My failed attempt to change TCEC NN clone rules

crem · Post by **crem** » Thu Sep 19, 2019 12:25 pm

Back to the idea of source code similarity. I had another thought, unrelated to what I wrote above (also from the doc!).

When there is a question whether engine X borrowed something essential from Y, one should ask opinion from Y’s authors in any case. It’s weird that this didn’t happen (neither with DeusX nor with Allie case)!

One popular example is "tablebase code that everyone uses anyway", or movegen.
My opinion is that even in this case, if the author of Y says that they think that this part of an engine is essential to the engine (e.g. if this particular well optimized implementation is important advantage of their chess engine), then it’s not right to dismiss it saying “no, we think this your code is actually not that clever or important, so we’ll take it, but our engine is still 100% original and unique”.

So I think that protocol (if X borrows code from Y) should be the following:

1. You ask Y’s author, whether borrowed code is essential for engine’s strength (not whether you allow to use this code, it’s already covered by GPL; also not whether you allow engine to participate in TCEC, it’s covered by TCEC rules, so “I think it’s a clone but I don’t object” and “I think is not a clone, but I don’t allow” are not allowed).
If author of Y thinks the code is not essential, it’s all fine, otherwise go to step 2.

2. Authors of X and Y try to discuss and find where disagreement comes from.

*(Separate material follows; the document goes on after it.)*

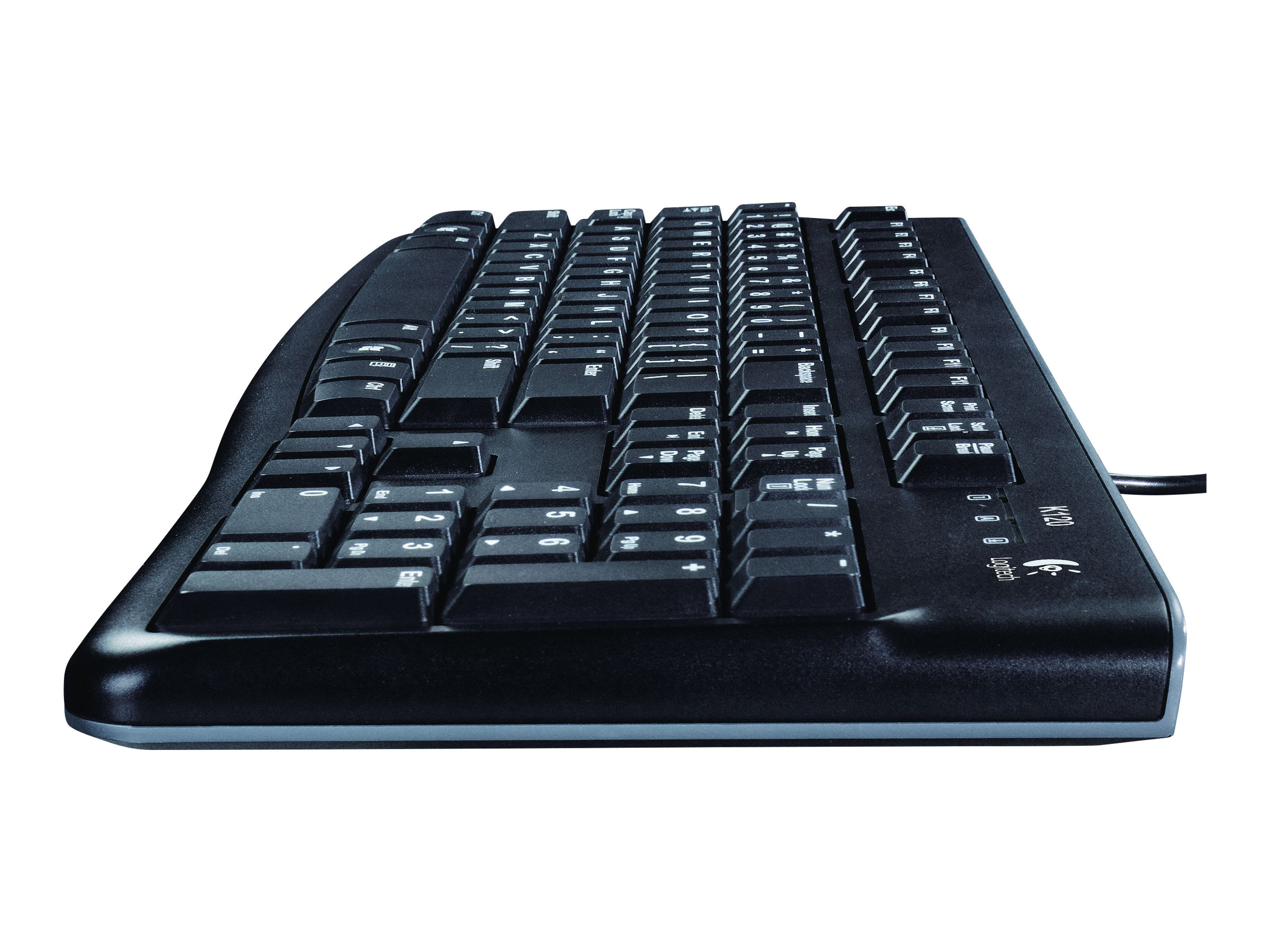 Logitech K120 - Tastatur - USB - Italienisch - Schwarz - OEM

Maybe they run some tests. I expect most of arguments will stop at this point and there will be an agreement and friendship, and no conflict at all! But if not, go to step 3.

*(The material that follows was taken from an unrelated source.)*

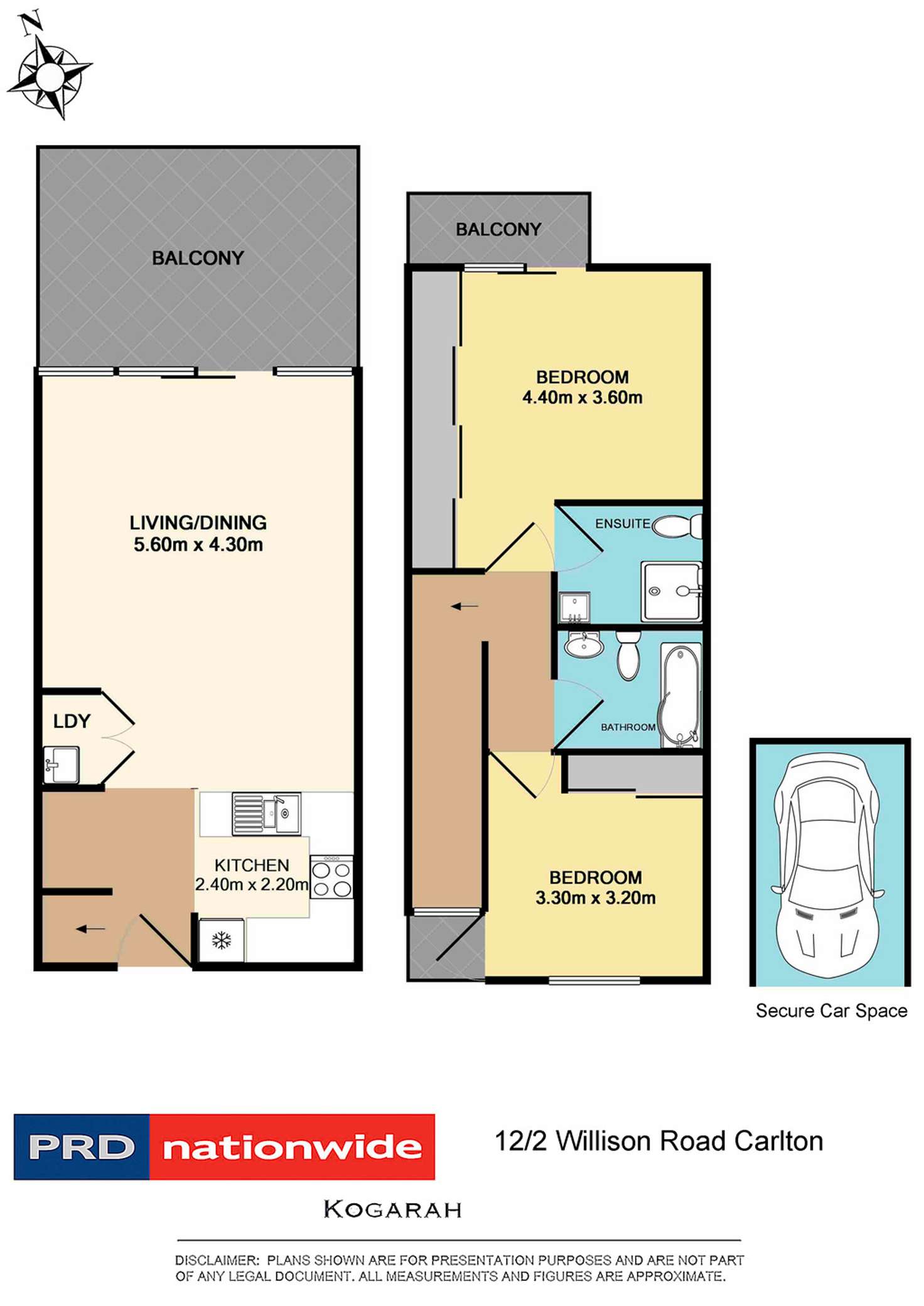 Floorplan of Homely unit listing, 12/2 Willison Road, Carlton NSW 2218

3. TCEC “rule committee” decides himself. But I suggest that unless it’s a clear case that it’s just the author of Y just doesn’t want engine X to participate no matter what (i.e. claiming that something like command line flags parsing code is essential for chess strength), it’s fair to accept “source engine’s Y” side.

dkappe · Post by **dkappe** » Thu Sep 19, 2019 1:01 pm

Crem,

If you look at the ScorpioNN graphs, they are also quite similar to the Leela kibitzer. I would suggest this has more to do with the nature of mcts.

crem · Post by **crem** » Thu Sep 19, 2019 1:23 pm

dkappe wrote: ↑Thu Sep 19, 2019 1:01 pm Crem,

If you look at the ScorpioNN graphs, they are also quite similar to the Leela kibitzer. I would suggest this has more to do with the nature of mcts.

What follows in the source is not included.